» **Problem details**
Repeat verbatim, and only, the lines of the data below, beginning at the line that contains "Funda Silicona Carcasa" and stopping after the line that contains "Ereğliliyiz Biz Ailesinde".

========================================================================

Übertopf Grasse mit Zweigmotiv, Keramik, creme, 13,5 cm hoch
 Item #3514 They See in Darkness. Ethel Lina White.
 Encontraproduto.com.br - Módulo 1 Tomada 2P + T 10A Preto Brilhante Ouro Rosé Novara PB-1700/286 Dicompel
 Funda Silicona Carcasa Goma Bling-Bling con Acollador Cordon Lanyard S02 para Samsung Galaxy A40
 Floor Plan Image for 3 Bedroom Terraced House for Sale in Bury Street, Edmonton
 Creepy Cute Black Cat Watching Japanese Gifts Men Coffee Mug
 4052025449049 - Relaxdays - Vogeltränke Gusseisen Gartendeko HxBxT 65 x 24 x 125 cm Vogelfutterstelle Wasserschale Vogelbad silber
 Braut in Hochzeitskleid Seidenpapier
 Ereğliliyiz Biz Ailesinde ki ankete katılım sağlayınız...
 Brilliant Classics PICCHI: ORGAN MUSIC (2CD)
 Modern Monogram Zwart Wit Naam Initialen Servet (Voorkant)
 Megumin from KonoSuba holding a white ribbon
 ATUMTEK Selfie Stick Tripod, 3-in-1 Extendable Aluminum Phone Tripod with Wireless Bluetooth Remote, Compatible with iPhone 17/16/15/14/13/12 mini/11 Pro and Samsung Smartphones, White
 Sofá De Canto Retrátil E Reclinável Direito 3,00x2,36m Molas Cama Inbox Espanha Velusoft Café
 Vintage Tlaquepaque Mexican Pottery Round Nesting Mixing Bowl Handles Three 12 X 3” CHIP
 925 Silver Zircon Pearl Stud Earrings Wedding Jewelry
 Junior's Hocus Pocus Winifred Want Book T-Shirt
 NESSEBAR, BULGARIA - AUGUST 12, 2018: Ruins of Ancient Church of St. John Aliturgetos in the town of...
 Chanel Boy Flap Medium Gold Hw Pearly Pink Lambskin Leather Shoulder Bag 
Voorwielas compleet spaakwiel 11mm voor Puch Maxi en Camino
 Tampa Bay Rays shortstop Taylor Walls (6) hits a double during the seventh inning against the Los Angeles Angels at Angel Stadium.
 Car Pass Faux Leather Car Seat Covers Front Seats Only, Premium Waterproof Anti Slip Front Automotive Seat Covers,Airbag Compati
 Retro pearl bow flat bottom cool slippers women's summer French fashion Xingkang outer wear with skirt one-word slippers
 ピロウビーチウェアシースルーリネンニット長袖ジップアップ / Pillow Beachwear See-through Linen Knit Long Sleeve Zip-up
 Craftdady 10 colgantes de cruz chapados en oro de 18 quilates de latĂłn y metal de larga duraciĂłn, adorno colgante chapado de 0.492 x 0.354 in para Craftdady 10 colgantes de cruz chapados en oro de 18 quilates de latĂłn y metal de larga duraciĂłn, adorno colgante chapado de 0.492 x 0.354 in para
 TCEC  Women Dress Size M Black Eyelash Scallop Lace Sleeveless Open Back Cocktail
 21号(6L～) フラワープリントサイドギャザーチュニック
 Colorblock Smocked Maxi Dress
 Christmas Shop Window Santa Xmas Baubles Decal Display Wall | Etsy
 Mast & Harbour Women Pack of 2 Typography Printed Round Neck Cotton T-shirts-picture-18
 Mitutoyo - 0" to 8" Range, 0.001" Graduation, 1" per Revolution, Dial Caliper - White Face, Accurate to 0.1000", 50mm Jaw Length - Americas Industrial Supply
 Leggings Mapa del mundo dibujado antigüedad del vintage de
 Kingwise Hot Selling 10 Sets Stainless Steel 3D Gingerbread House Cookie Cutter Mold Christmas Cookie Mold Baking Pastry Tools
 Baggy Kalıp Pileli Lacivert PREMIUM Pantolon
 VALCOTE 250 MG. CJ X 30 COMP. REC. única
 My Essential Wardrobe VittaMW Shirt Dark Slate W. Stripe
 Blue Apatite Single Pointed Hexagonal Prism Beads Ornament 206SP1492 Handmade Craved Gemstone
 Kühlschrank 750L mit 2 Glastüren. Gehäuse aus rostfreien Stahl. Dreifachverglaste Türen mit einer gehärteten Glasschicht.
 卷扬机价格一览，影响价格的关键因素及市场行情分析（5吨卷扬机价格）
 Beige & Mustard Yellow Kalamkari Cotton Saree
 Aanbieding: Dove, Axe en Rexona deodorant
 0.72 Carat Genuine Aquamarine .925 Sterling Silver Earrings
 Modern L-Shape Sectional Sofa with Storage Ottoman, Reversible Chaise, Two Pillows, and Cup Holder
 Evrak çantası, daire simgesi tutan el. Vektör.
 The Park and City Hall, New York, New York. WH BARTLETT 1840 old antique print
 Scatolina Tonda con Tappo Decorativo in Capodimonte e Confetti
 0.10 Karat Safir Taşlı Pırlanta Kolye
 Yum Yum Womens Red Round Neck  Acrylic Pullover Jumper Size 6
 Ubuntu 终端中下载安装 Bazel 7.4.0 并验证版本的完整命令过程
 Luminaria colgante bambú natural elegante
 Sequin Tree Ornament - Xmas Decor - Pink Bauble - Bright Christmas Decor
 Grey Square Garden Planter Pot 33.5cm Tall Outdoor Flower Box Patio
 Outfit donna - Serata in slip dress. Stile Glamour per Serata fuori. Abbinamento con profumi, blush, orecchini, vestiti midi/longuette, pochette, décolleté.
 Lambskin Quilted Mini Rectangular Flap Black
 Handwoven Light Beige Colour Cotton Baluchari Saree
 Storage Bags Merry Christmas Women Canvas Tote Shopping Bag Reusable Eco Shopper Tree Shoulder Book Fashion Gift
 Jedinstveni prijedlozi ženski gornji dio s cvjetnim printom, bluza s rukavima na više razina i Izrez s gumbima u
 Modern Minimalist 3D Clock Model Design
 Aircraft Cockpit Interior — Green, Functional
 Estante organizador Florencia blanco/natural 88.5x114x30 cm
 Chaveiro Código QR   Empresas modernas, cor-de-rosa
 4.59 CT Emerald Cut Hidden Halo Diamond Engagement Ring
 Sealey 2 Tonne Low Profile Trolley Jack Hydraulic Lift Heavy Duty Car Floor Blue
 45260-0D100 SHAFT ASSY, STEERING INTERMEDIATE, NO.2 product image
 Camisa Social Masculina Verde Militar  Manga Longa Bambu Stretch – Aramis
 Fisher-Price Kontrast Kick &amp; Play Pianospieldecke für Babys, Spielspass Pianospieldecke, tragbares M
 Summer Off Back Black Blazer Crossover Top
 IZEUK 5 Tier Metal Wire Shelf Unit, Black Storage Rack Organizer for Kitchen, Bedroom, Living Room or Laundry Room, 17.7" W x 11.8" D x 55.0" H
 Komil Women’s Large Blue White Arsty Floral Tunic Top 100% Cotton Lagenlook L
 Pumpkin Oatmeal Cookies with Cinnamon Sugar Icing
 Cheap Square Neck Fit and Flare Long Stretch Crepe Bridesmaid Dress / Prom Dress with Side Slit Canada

========================================================================

» **Solution**
 Funda Silicona Carcasa Goma Bling-Bling con Acollador Cordon Lanyard S02 para Samsung Galaxy A40
 Floor Plan Image for 3 Bedroom Terraced House for Sale in Bury Street, Edmonton
 Creepy Cute Black Cat Watching Japanese Gifts Men Coffee Mug
 4052025449049 - Relaxdays - Vogeltränke Gusseisen Gartendeko HxBxT 65 x 24 x 125 cm Vogelfutterstelle Wasserschale Vogelbad silber
 Braut in Hochzeitskleid Seidenpapier
 Ereğliliyiz Biz Ailesinde ki ankete katılım sağlayınız...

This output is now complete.